There are now dozens of options for SD-WAN providers, and each has a slightly different offering. Some of the the standalone services include companies like Aryaka, Big Leaf Networks, Cato Networks, Cisco, Cloudgenix, Fortinet, and Oracle.
Major carriers and aggregators have SD-WAN options, including AT&T Business, Atlantic Metro, BCN, Bullseye Telecom, China Telecom, Aptum, CenturyLink, GTT, TATA, Verizon and Zayo.

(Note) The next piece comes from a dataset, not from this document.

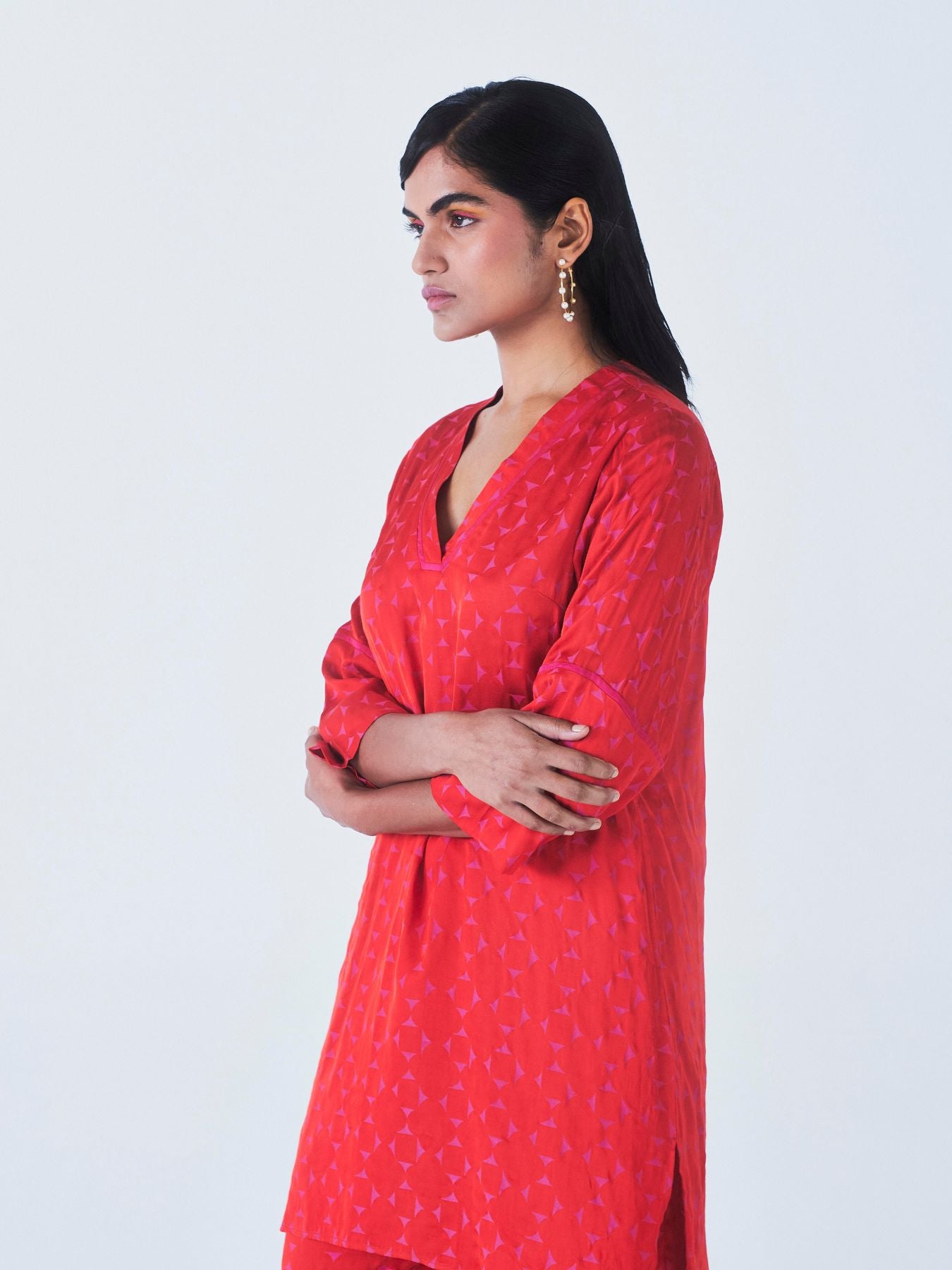 Releve Fashion Little Things Studio Kaner Kurta Top and Trouser Set in Red Geometric Print Ethical Luxury Brand Sustainable Clothing Conscious Fashion Purchase with Purpose Shop for Good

According to Presti, the best way to conduct a seamless transition is to hire outside help to guide your IT team through the process.
“Have a solid, trusted advisor come in, look at your network and figure out how to make this transition with the least amount of disruption. Whenever you do a technology transition, you have to look at how any change is going to impact everything else around it,” Presti told TechRepublic. “It’s not difficult for the people who understand it, but it’s a critical part of the process that needs to be done properly. You can’t just spring this on your team. You have to work with people who know SD-WAN.”